A Brief Visit
He comes when you graduate from adolescent innocence, your departure marked by the ooze of blood and bodily fluids. In that one second, when you feel a part of you leave, he is barely an idea.
He comes when a stranger holds you, lies to you, caresses you so you will open and whisper “Dear God” into ambivalent ears. He comes when you arch your back and open your mouth over lips screaming your name. In that minute, he is there: a thought, a fear.
He comes when men make you do things you never imagined you would do when you first left your childhood behind. He comes in wonder, anxiety, and vulnerability. He roots himself inside the deep corners of your unconscious.
He comes when you hold a man who is not ambivalent, who tells you the truth so he can hear “Dear God” and keep you open forever. He comes out of his dark corner and into your working mind, now conscious of him beyond your senses. He comes in anticipation.
He comes when you lie in a silvery room, bright lights burning your eyes, a nurse’s “push” competing with your “fuck you!” You hesitate briefly, for you want him to stay in you; but your pain wins; and he comes out and reaches for your breast. And you are one.
He comes when the only sound is “Mma,” and this one word pulls you out of sleep, away from books, out from under your lover. He comes with hunger and pain and fear and a need for only you.
He comes with Band-Aids, bruises, trips to the emergency rooms. He comes climbing overgrown trees, falling out of overgrown trees, swinging from branches of overgrown trees, until you cut down all overgrown trees so he will not see them and stop hanging. He comes hanging out of windows, then off the porch roof he reaches after hanging out the windows.
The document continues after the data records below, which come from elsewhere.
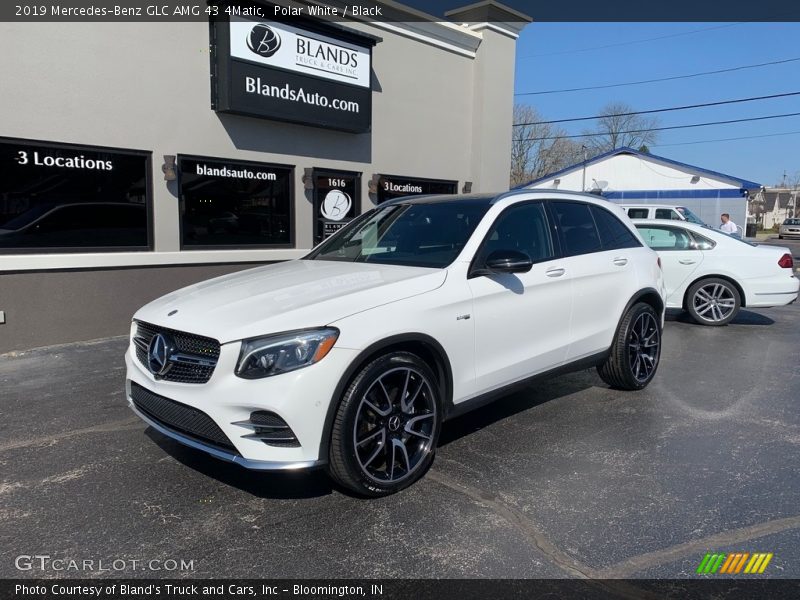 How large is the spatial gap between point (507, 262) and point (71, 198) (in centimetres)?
634

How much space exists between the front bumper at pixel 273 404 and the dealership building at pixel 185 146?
5709 mm

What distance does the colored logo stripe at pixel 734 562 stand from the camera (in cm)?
297

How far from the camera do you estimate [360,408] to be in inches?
134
He comes hanging out of the car windows. He comes over, under, around, into anything until you wonder when he will go and why he ever came.
He comes with hysterical screams over a word as simple as “no.”
He comes with soccer balls and hockey sticks, jammed into your car, sprawled about the garage, thrown into room corners. He comes with refusals to complete schoolwork unless blackmailed or bribed.
He comes with pimples and silence, broken by an occasional mumble.
He comes with emotional anguish of lost friends, no friends, cruel friends, and friends who look as if they were just released from prison.
He comes with lofty ideals, hope and an ego that will fix the world.
He comes with a duffel bag, because learning is over, and he has no place else to go.
He comes with depression and guilt about something he cannot discuss, because he thinks you don’t understand. He doesn’t know men did the same thing to you.
He comes with her, and she has touched him in a way you never could.
He comes with a bundle of cloth and a blood red face that looks as wise as an old man, and when you hold her, she opens her eyes and you share a moment.
He leaves with his women, and you look out the window and whisper goodbye.